Beginning with the line that holds "ZYLAN дизайн флип-книжка" and ending with the last line of the entries, please output each line exactly, apart from any pictures.

= Beginning of Section =

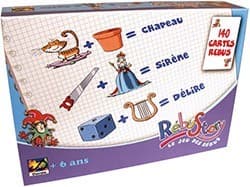 Boîte du jeu : Rébustory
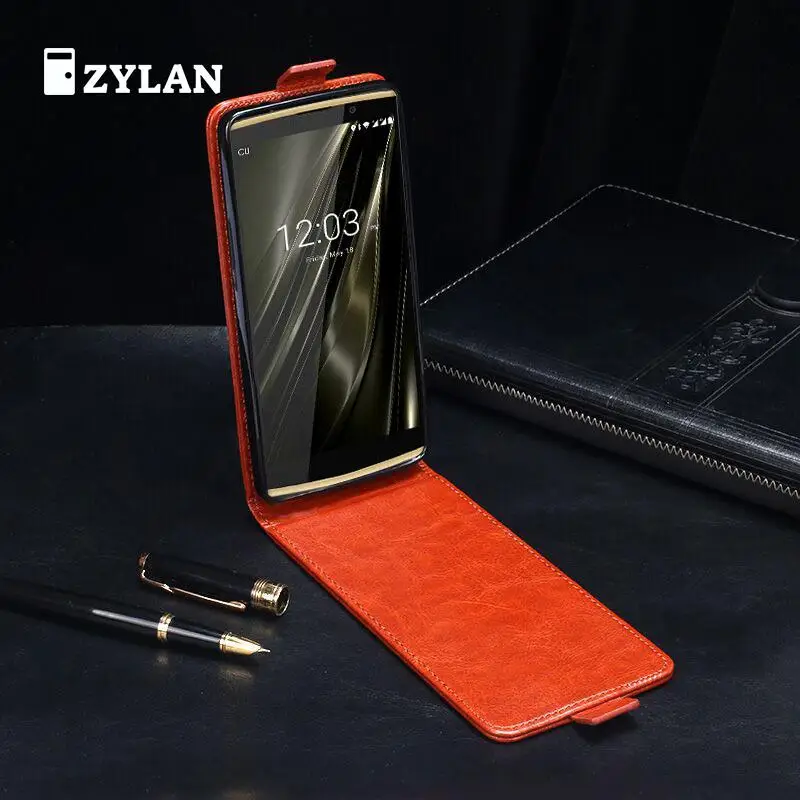 ZYLAN дизайн флип-книжка защитный кожаный чехол оболочка бумажник Etui кожаный чехол для OUKITEL K7 6 дюймов и бесплатный подарок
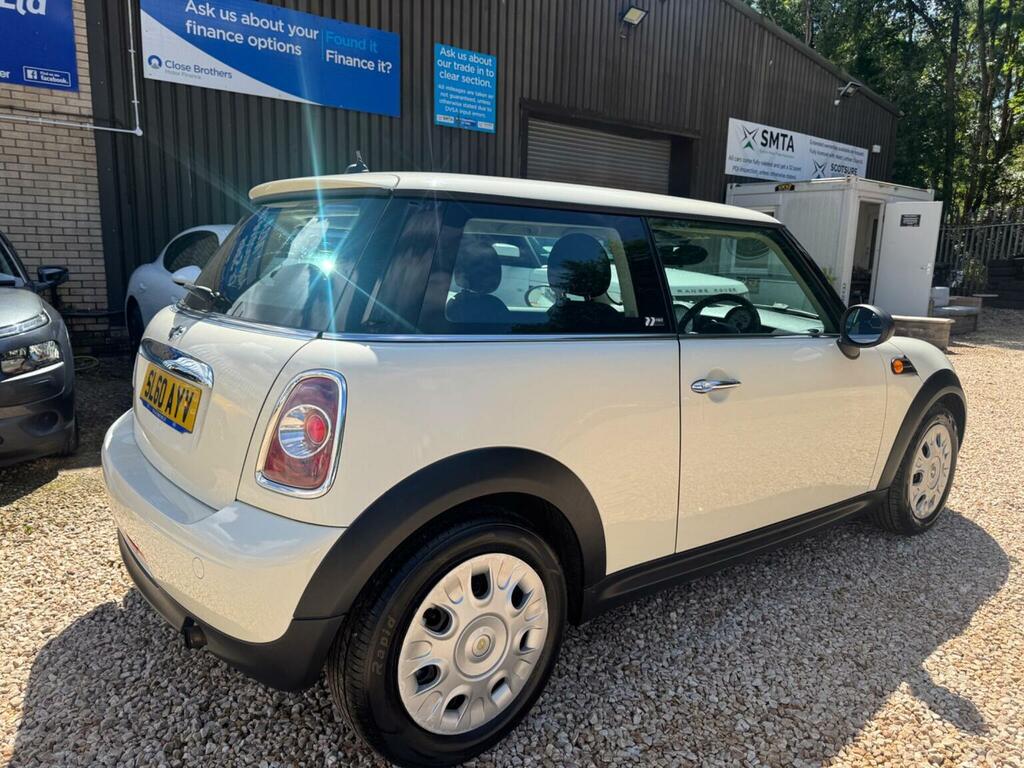 Mini Hatch 1.6 First Euro 5 White #3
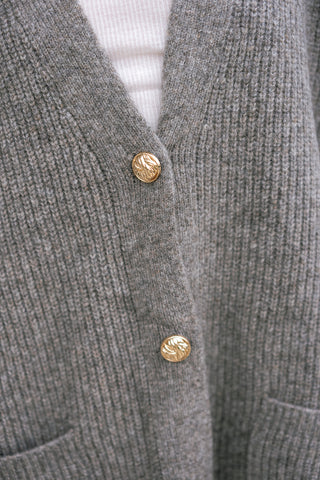 Frank Cardigan Dress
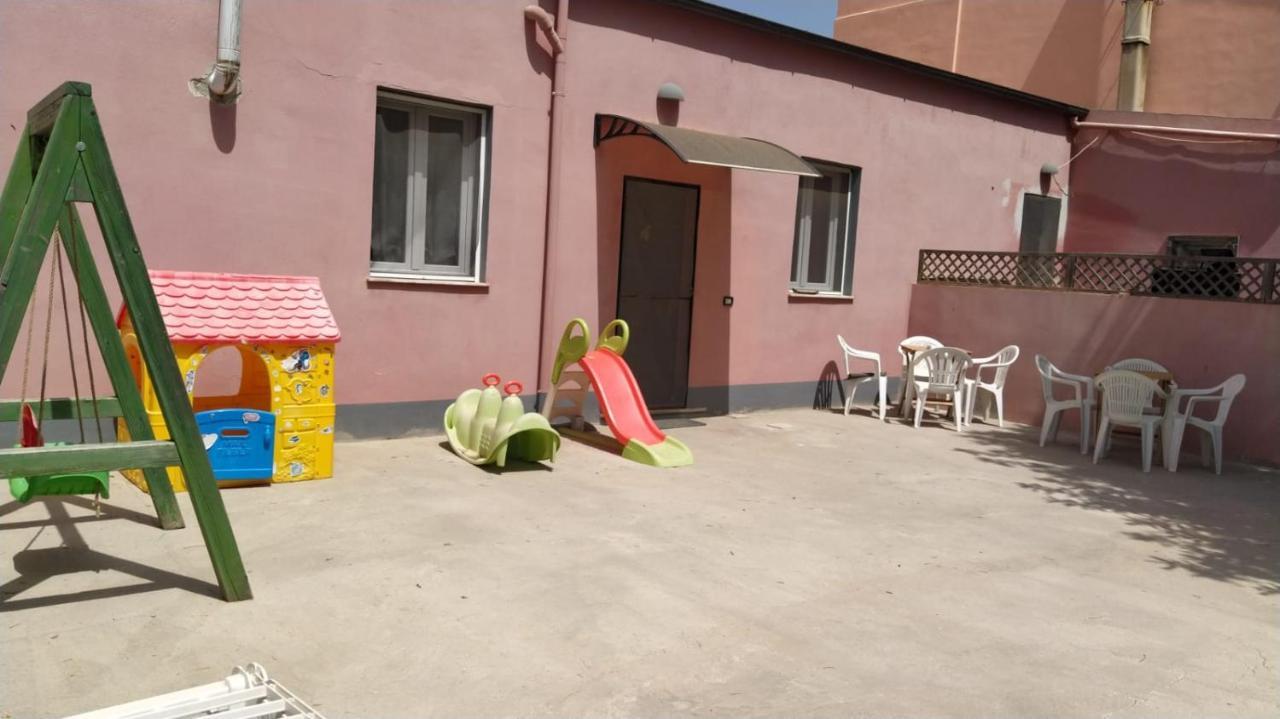 Bed and Breakfast Albero Della Musica Сассарі Екстер'єр фото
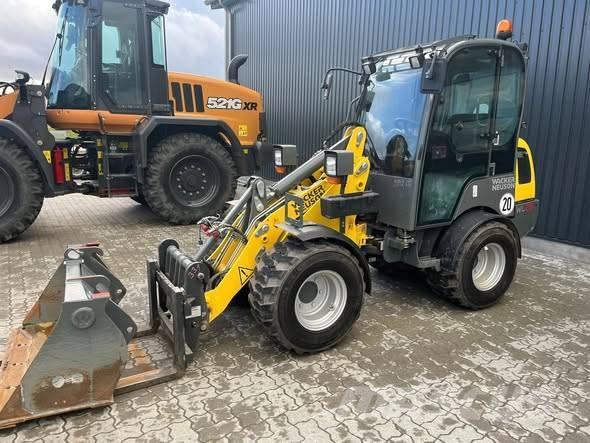 Wacker Neuson WL 25 Колесни товарачи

= End of Section =

- _RESPONSE TO THE TASK_
 ZYLAN дизайн флип-книжка защитный кожаный чехол оболочка бумажник Etui кожаный чехол для OUKITEL K7 6 дюймов и бесплатный подарок
 Mini Hatch 1.6 First Euro 5 White #3
 Frank Cardigan Dress
 Bed and Breakfast Albero Della Musica Сассарі Екстер'єр фото
 Wacker Neuson WL 25 Колесни товарачи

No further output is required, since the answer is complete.